## Source records

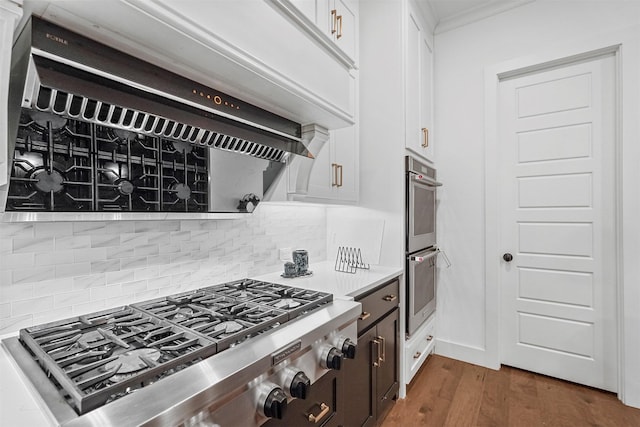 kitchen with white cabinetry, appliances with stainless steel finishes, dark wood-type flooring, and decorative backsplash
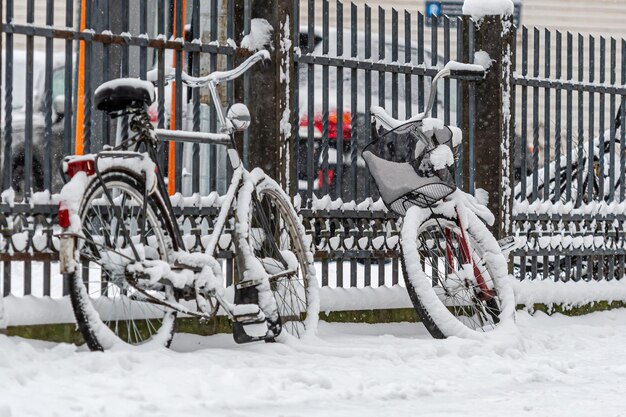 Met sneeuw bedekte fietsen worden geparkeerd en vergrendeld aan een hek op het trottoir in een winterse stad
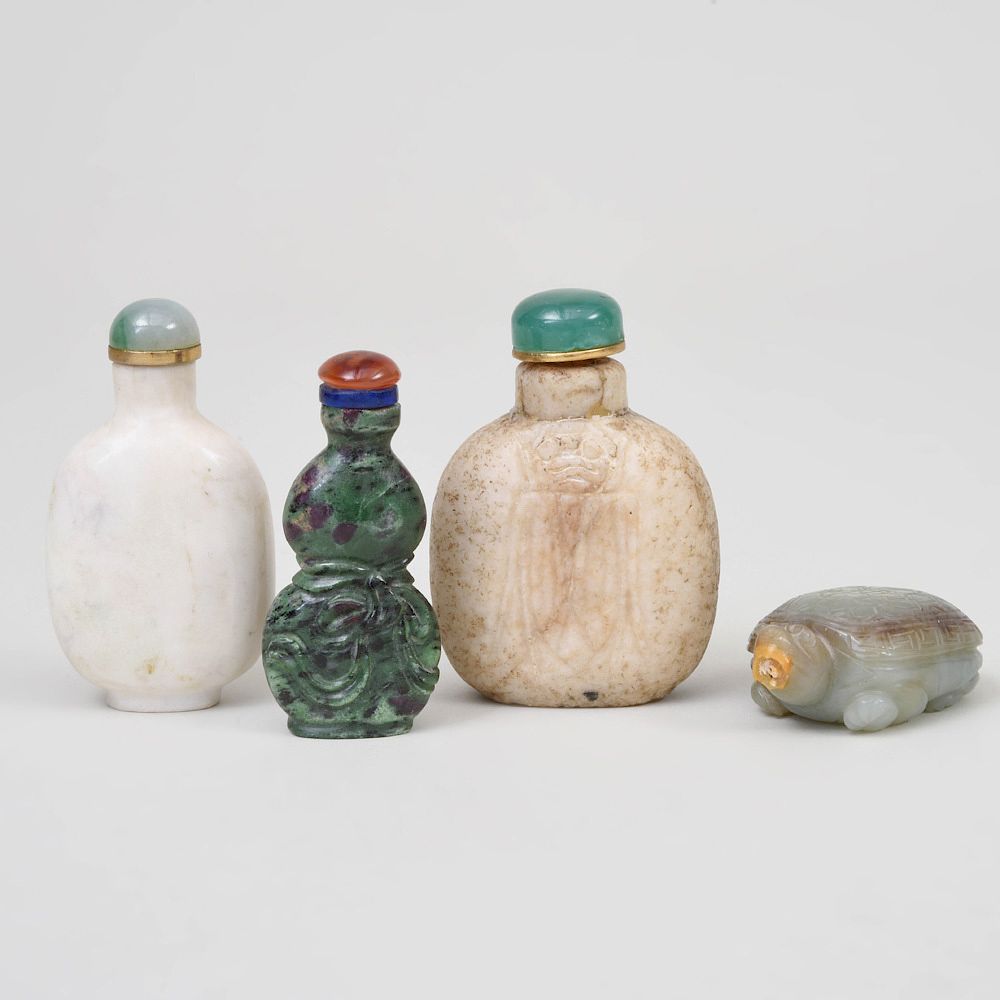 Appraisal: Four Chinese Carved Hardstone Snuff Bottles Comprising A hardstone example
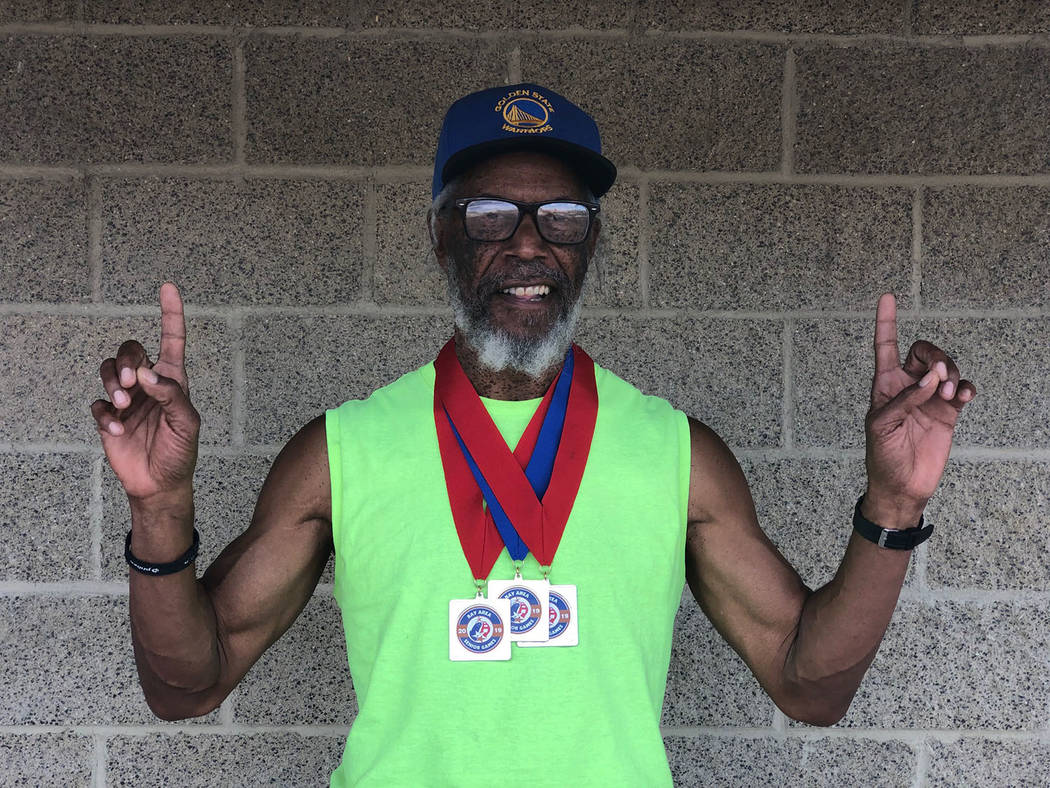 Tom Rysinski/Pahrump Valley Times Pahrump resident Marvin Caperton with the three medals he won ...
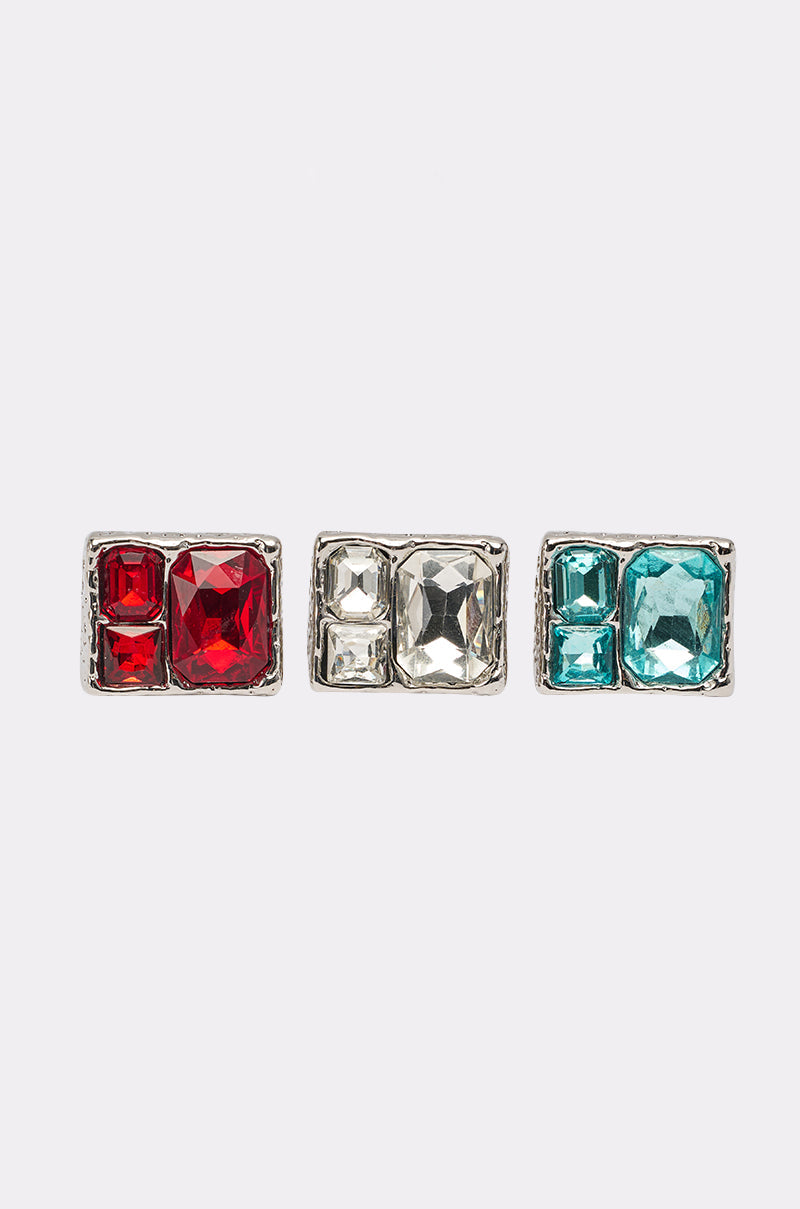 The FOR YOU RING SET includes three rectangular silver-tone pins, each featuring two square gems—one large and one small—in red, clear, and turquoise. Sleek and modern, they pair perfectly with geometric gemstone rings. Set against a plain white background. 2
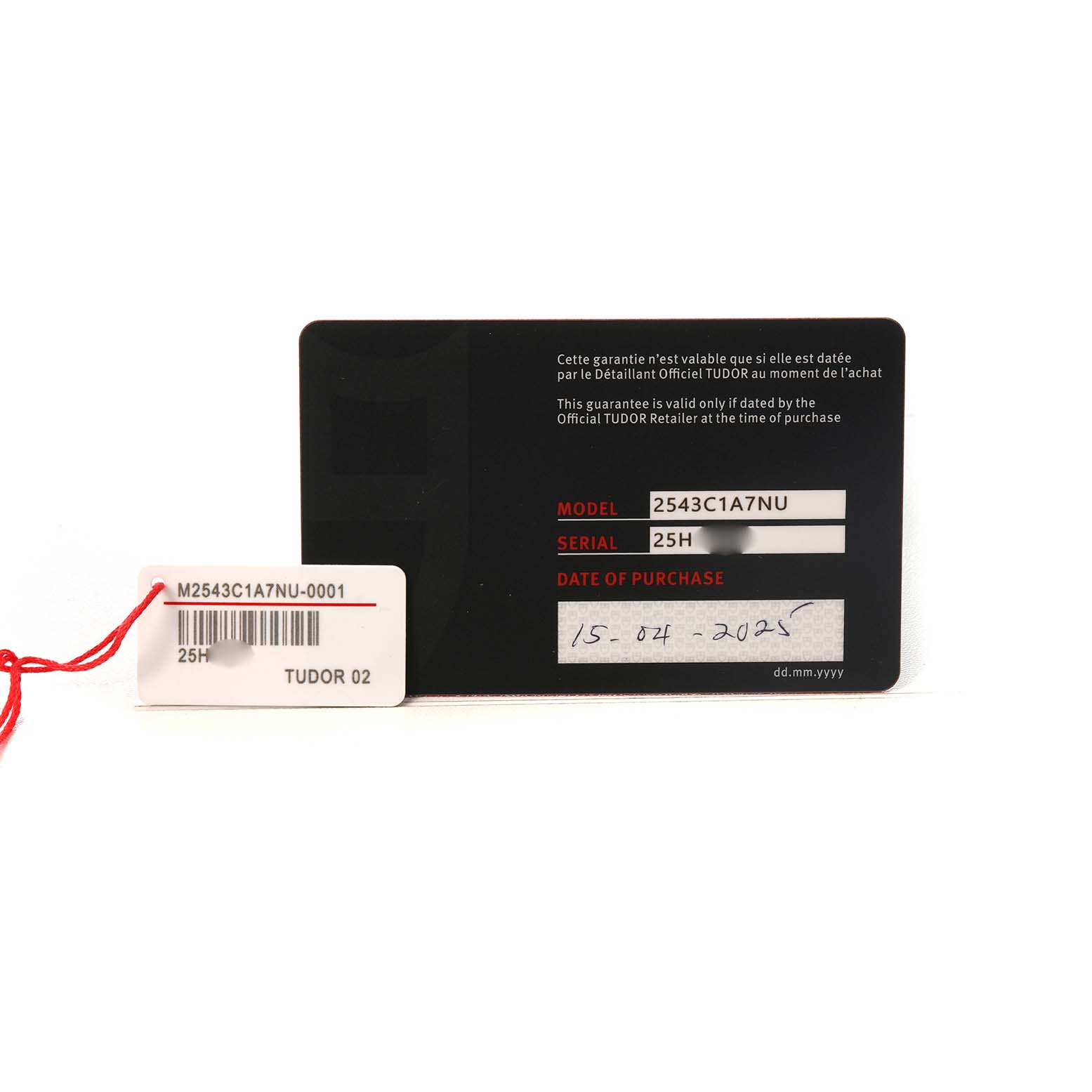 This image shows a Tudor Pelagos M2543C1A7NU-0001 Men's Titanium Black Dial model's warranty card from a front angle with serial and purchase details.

## Description of the task
Set the listing down verbatim, excluding pictures.

## Answer section
 kitchen with white cabinetry, appliances with stainless steel finishes, dark wood-type flooring, and decorative backsplash
 Met sneeuw bedekte fietsen worden geparkeerd en vergrendeld aan een hek op het trottoir in een winterse stad
 Appraisal: Four Chinese Carved Hardstone Snuff Bottles Comprising A hardstone example
 Tom Rysinski/Pahrump Valley Times Pahrump resident Marvin Caperton with the three medals he won ...
 The FOR YOU RING SET includes three rectangular silver-tone pins, each featuring two square gems—one large and one small—in red, clear, and turquoise. Sleek and modern, they pair perfectly with geometric gemstone rings. Set against a plain white background. 2
 This image shows a Tudor Pelagos M2543C1A7NU-0001 Men's Titanium Black Dial model's warranty card from a front angle with serial and purchase details.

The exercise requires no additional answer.